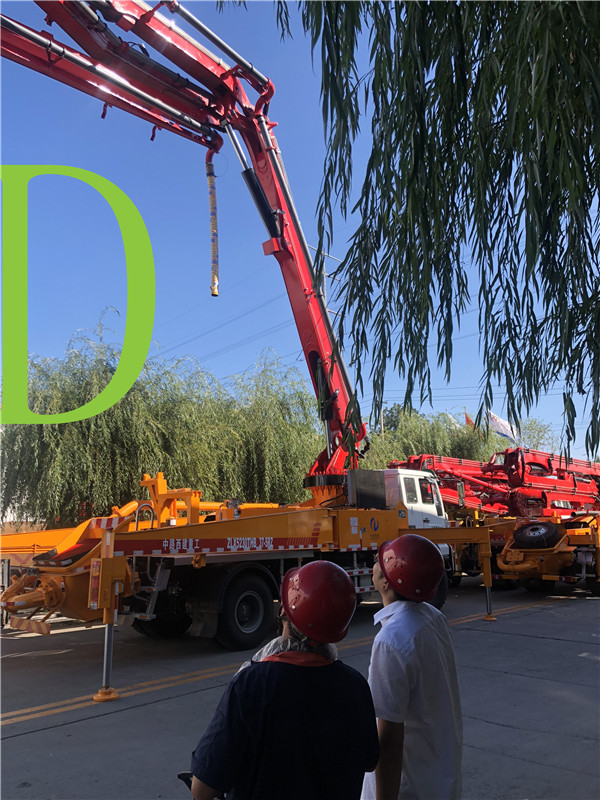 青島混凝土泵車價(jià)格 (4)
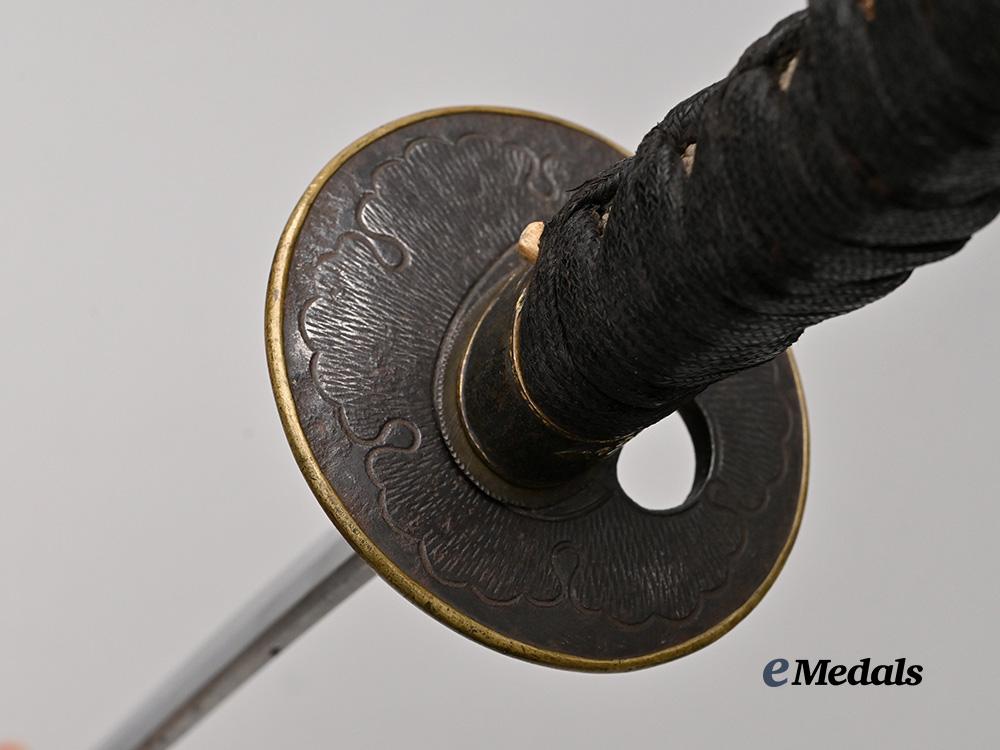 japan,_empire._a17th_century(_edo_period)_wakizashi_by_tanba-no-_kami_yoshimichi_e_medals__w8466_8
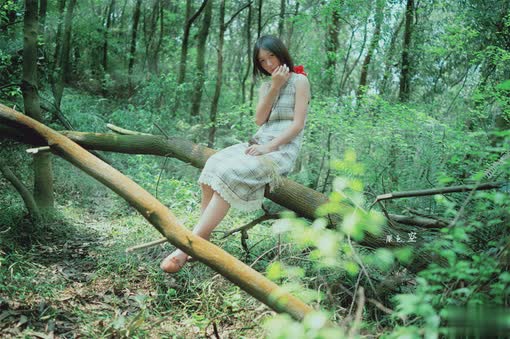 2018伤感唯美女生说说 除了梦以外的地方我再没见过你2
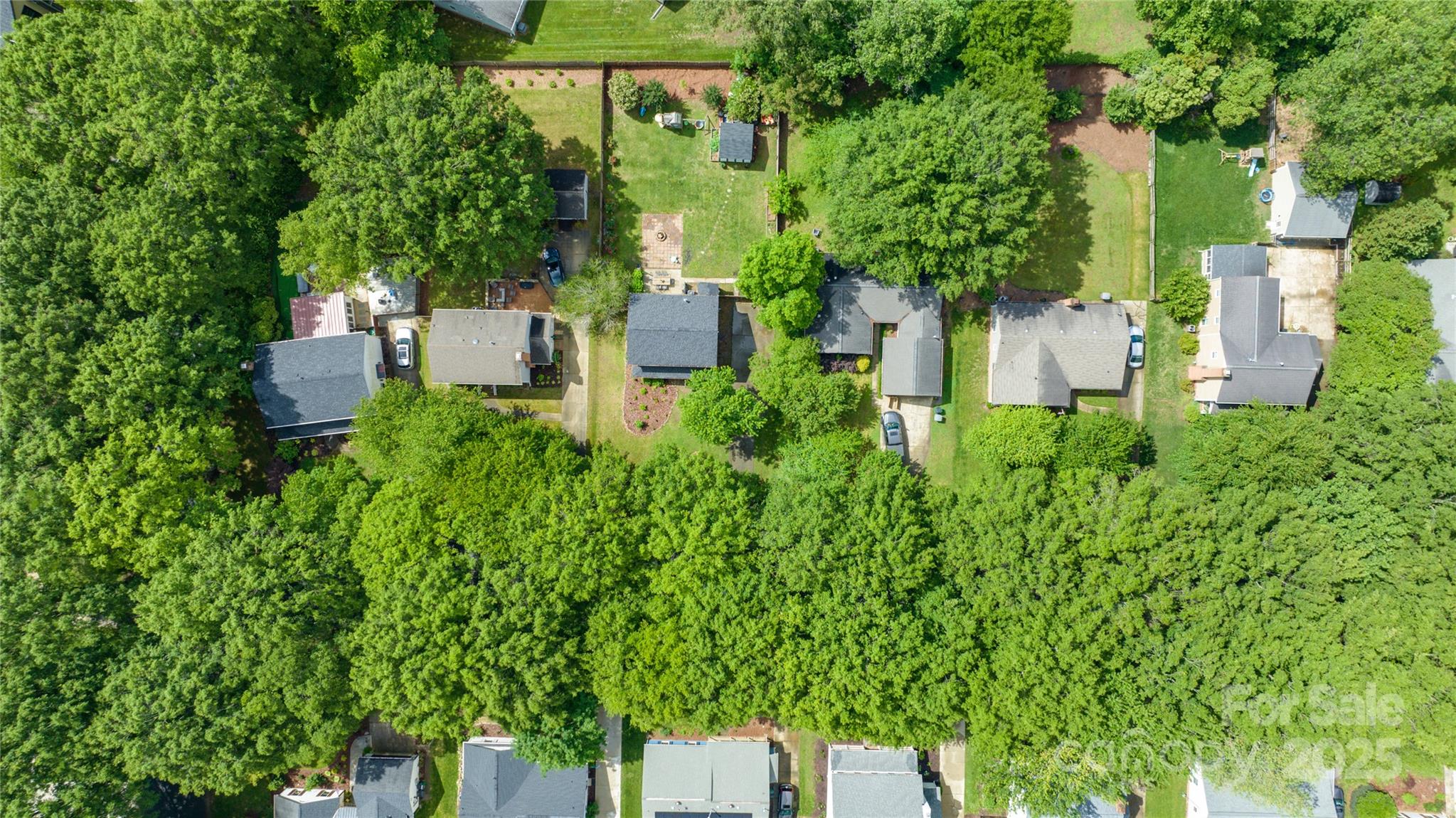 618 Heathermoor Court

* [Task prompt] The listing is to be repeated word for word, with all pictures omitted.

* [Solution to this exercise]
 青島混凝土泵車價(jià)格 (4)
 japan,_empire._a17th_century(_edo_period)_wakizashi_by_tanba-no-_kami_yoshimichi_e_medals__w8466_8
 2018伤感唯美女生说说 除了梦以外的地方我再没见过你2
 618 Heathermoor Court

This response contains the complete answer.